= Action item =
Within the listing that follows, reproduce exactly the lines starting at the line with "Storslået vintage palæ" and ending at the line with "AlphaRex 880733 - Projector", inclusive, and only those. Pictures are dropped.

= Data to examine =
======

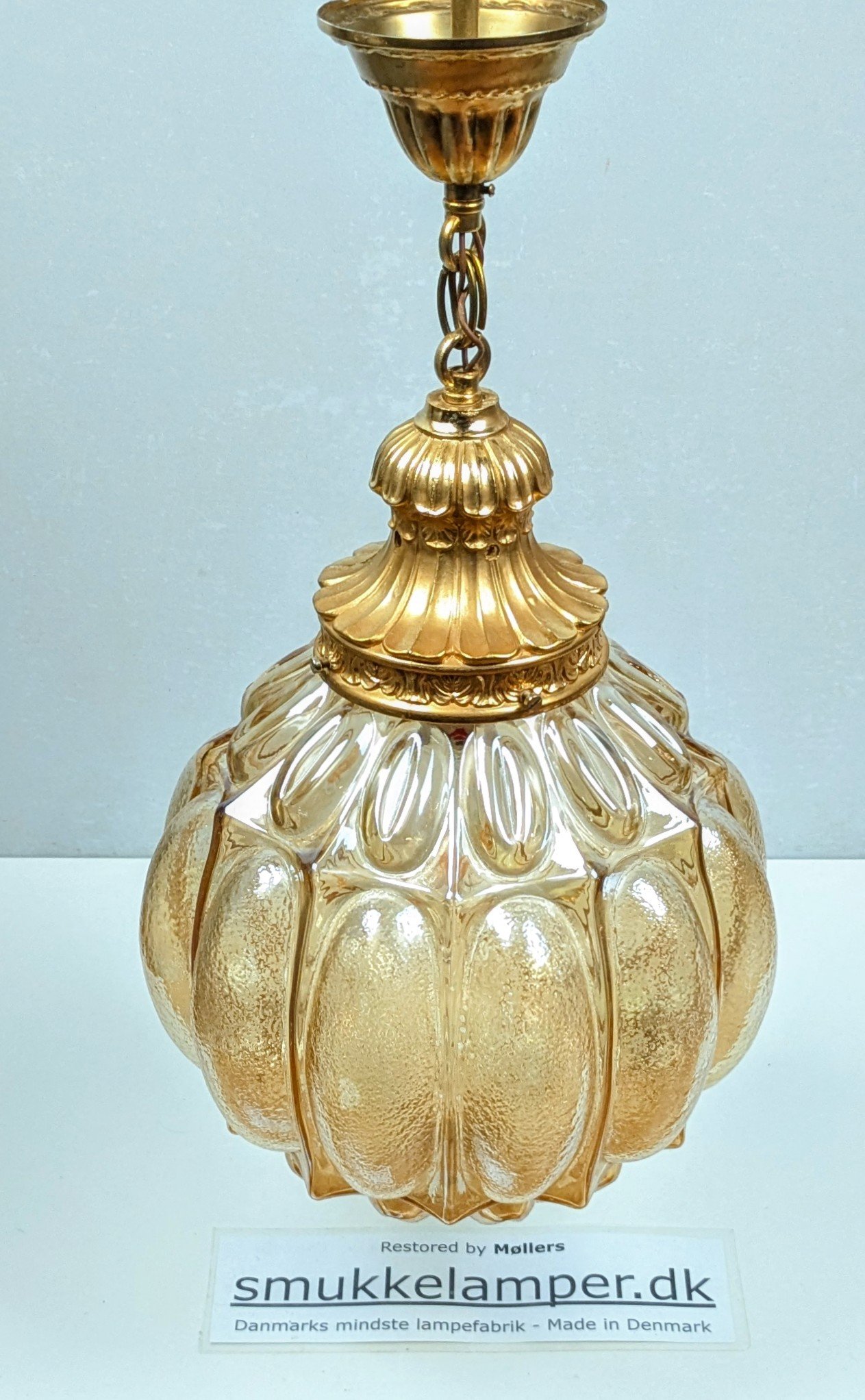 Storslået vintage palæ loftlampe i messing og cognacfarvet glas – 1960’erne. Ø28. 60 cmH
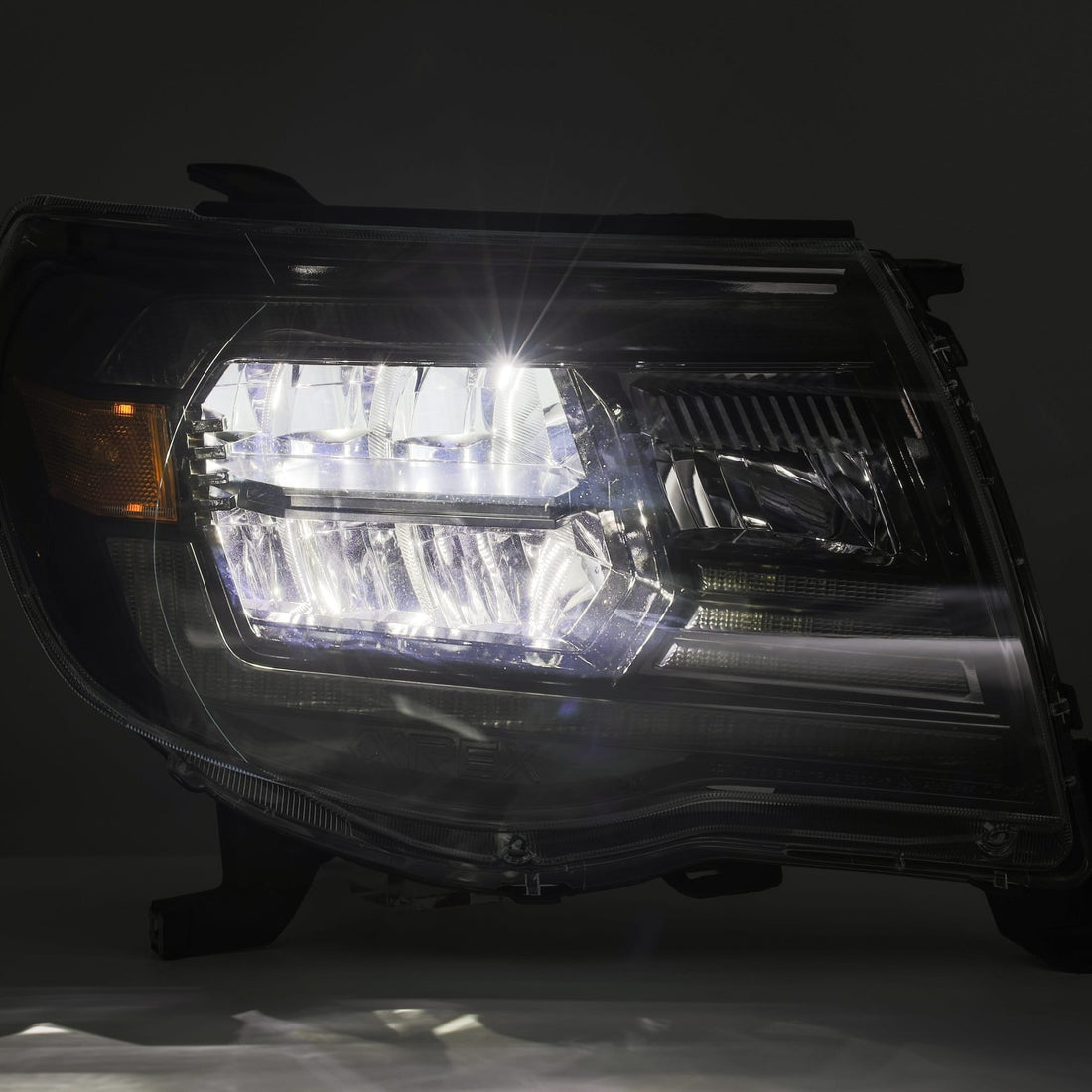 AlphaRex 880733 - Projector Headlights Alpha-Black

======

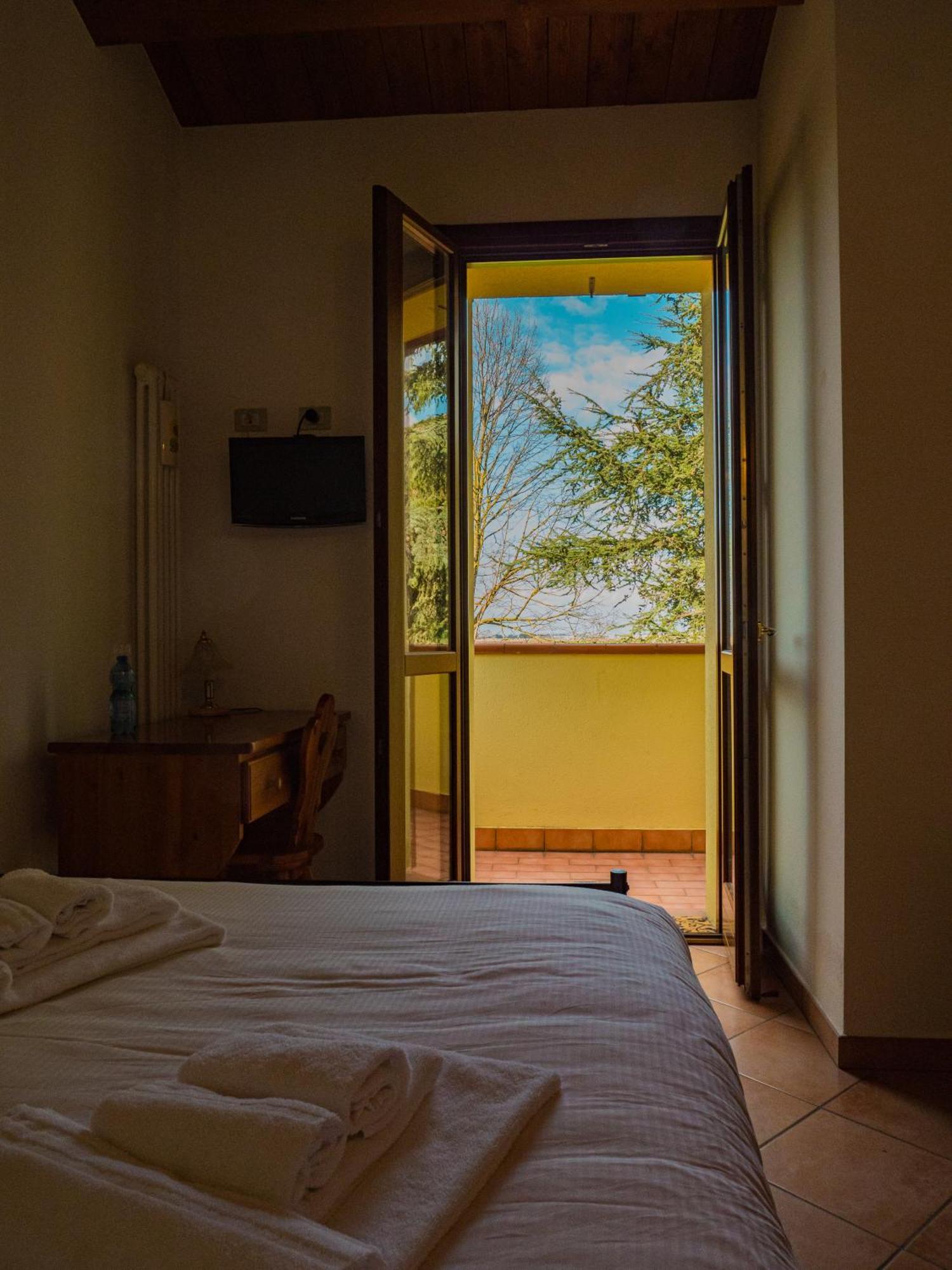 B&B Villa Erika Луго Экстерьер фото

======

= Your response =
 Storslået vintage palæ loftlampe i messing og cognacfarvet glas – 1960’erne. Ø28. 60 cmH
 AlphaRex 880733 - Projector Headlights Alpha-Black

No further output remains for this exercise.